Joint Preservation for Arthritis
Although the elbows are not weight-bearing joints, they are considered to be most important for the functioning of the upper limbs. Hence, even minor trauma or disease affecting the elbow may cause pain and limit the movements of the upper limbs. Arthritis is one of the common disease conditions affecting the elbow joint.
There are several types of arthritis, the most common being:
- Osteoarthritis or degenerative joint disease is the most common type of arthritis that affects older people. It causes the cartilage, the tissue that cushions and protects the ends of bones in a joint, to wear off causing painful rubbing of bones.
- Rheumatoid arthritis is an auto-immune disease in which the body’s immune system attacks healthy joints, tissues and organs. It can cause pain, stiffness, swelling, deformity and loss of function in joints.
- Post-traumatic arthritis develops after an injury to the elbow. The condition may develop years after the trauma such as a fracture, severe sprain or ligament tears.

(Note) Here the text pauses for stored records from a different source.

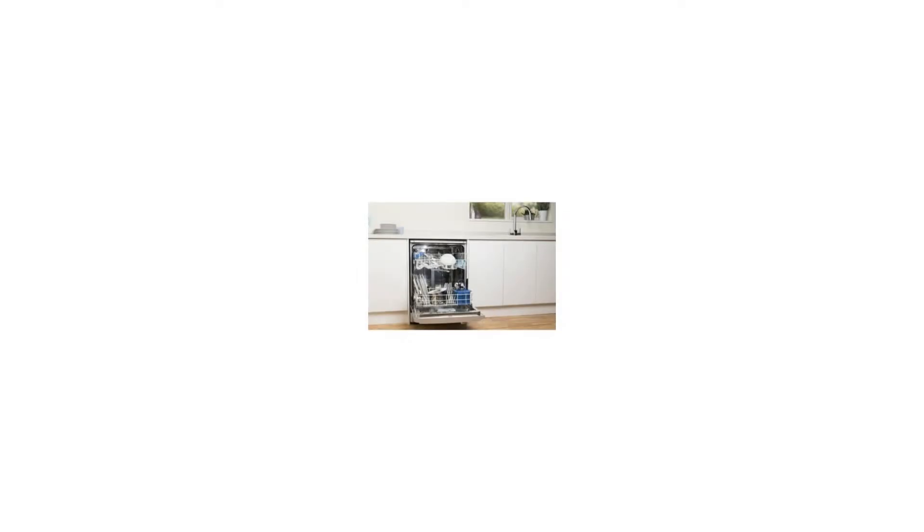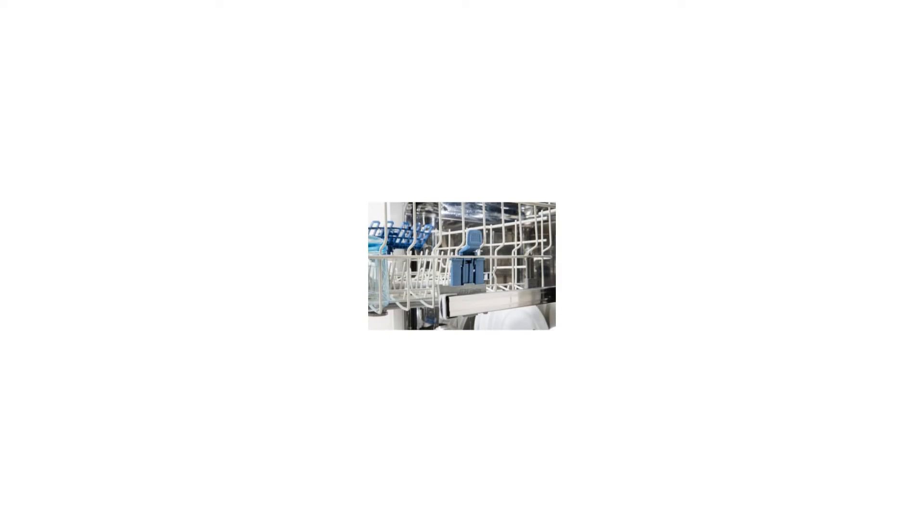With 5 different programs to choose from and A-rated washing and drying performance, the Hotpoint DFG-15B1S freestanding dishwasher will keep your dirty dishes out of sight and out of mind.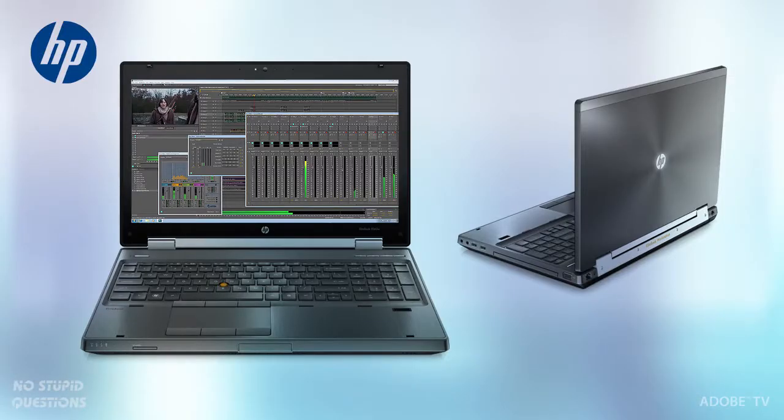On the mobile side of things, we have the EliteBook series of computers over here, and this is a true mobile workstation. You have to stop and think about what does that mean? That means this is the power of a workstation and it's mobile, and of course when we're doing audio and video, we're always on the go.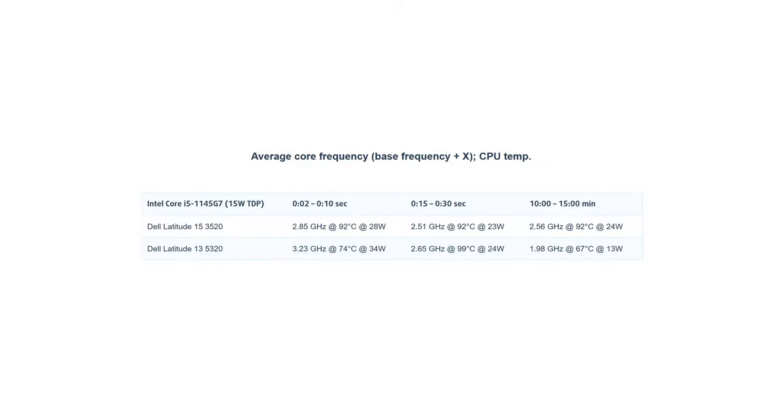The device we tested has the Intel Core i5-1145G7 with the integrated Iris Xe graphics. Unfortunately, the CPU couldn't achieve frequencies above the 3.0 GHz mark, even with the BIOS performance mode enabled. It did, however, maintain relatively high frequency after long periods of time.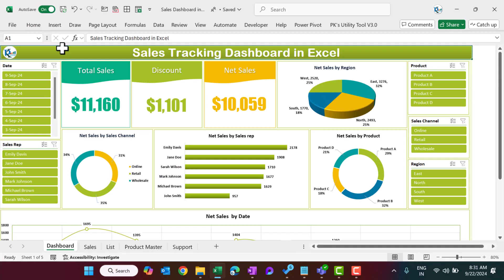Hello friends, welcome back. My name is BK. In this video you will learn how to create a sales tracking dashboard in Microsoft Excel with a data entry form.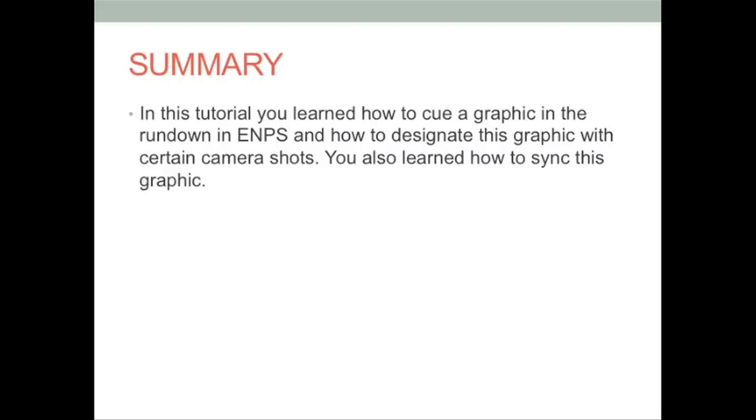In this tutorial, you learned how to cue a graphic in the Rundown in ENPS and how to designate this graphic with certain camera shots. You also learned how to sync this graphic.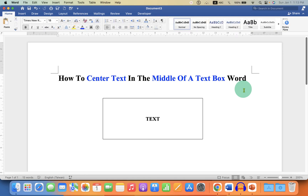Now check out these useful videos shown on screen related to text box. Click that like button, comment below and let me know if this video solved your problem, and don't forget to subscribe and press the bell icon.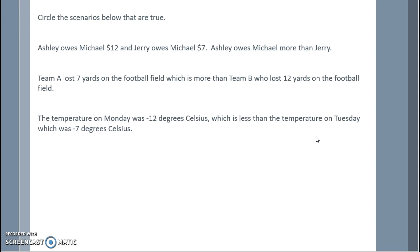Circle the scenarios below that are true. Ashley owes Michael twelve dollars and Jerry owes Michael seven dollars; Ashley owes more — that is true. Team A lost seven yards, which is more than team B who lost twelve yards — that is false, because twelve is larger than seven. The temperature Monday was negative twelve degrees Celsius, which is less than Tuesday's negative seven degrees Celsius — that is true, since negative twelve is less than negative seven.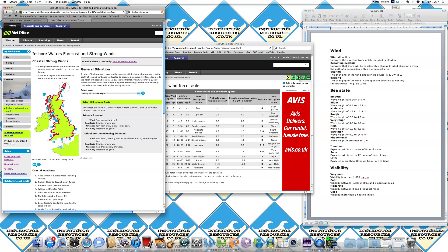Last thing to look at on here is visibility, which says moderate or good. We scroll over to the guide to marine forecasting and go to visibility. Moderate is between two and five nautical miles and good is over five nautical miles. So you've got really good visibility for the next 24 hours.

Treatment can include conservative options such as medications and steroid injections to relieve pain, activity modification, and use of splints. Surgery is usually considered if non-surgical treatment fails to give relief. The various types of surgical treatment include:
- Synovectomy: It is the removal of the soft membrane lining of the elbow joint.
- Arthroscopic Debridement: It is the removal of debris, necrotic tissue, or loose bodies from within the elbow joint.